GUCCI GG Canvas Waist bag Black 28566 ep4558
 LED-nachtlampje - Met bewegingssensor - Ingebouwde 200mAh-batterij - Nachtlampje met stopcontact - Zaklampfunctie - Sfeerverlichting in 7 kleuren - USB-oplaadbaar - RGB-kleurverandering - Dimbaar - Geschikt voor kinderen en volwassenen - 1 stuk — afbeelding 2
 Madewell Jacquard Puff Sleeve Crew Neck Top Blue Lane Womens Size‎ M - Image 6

=-=-=

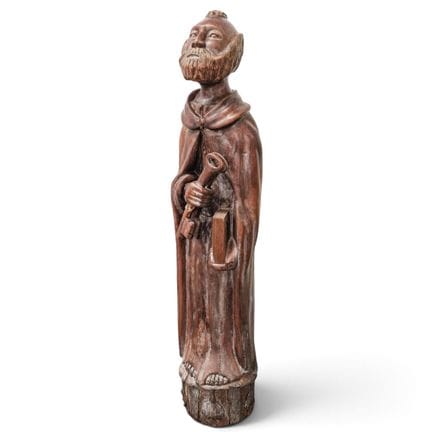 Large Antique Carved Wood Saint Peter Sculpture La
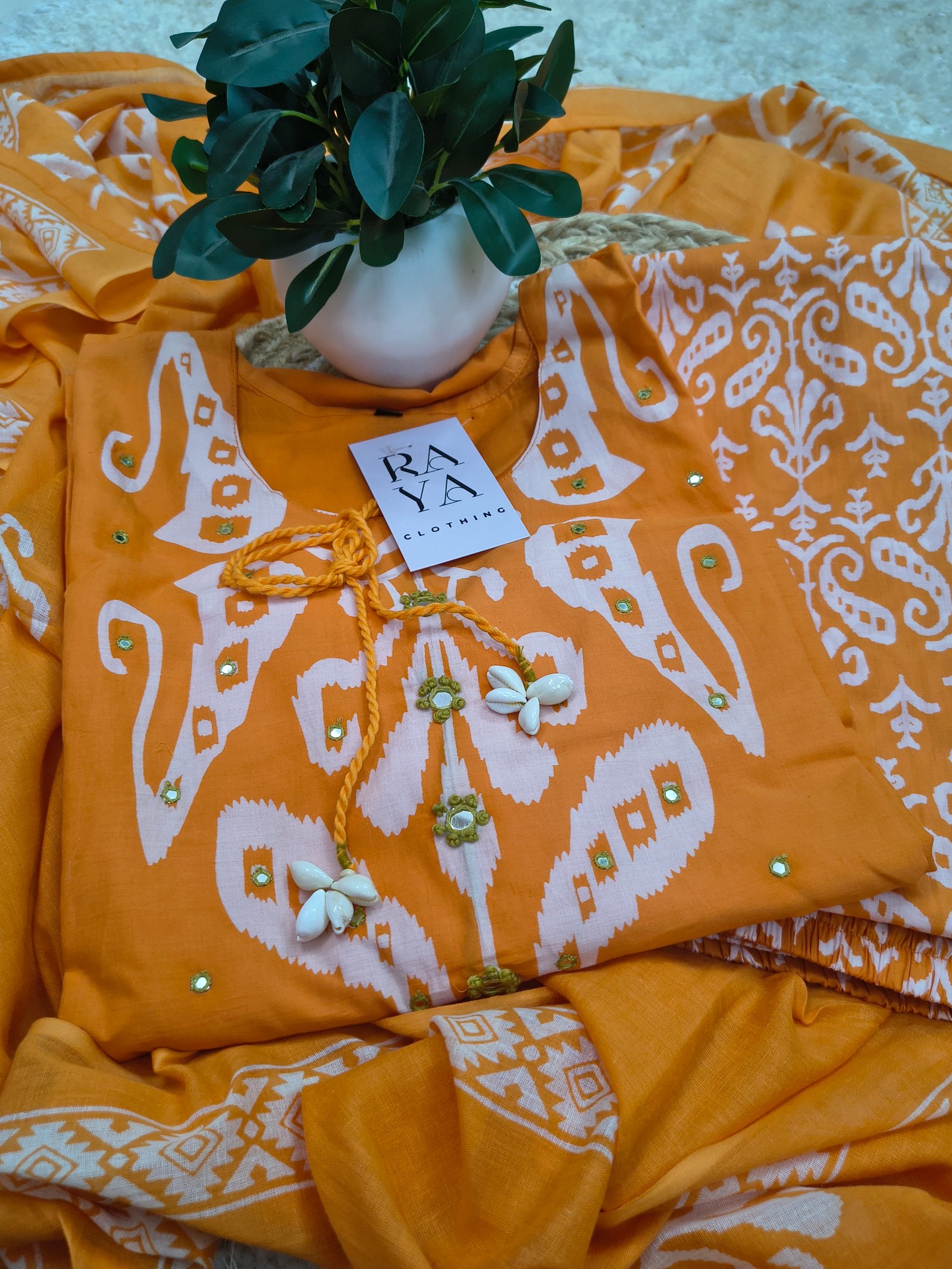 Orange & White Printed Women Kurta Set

=-=-=

[Work to be completed]: Repeat exactly the stretch of the listing above that starts with the line holding "Large Antique Carved" and finishes with the line holding "Orange & White Printed Women Kurta Set", both included. Skip every picture.

[Written response]:
 Large Antique Carved Wood Saint Peter Sculpture La
 Orange & White Printed Women Kurta Set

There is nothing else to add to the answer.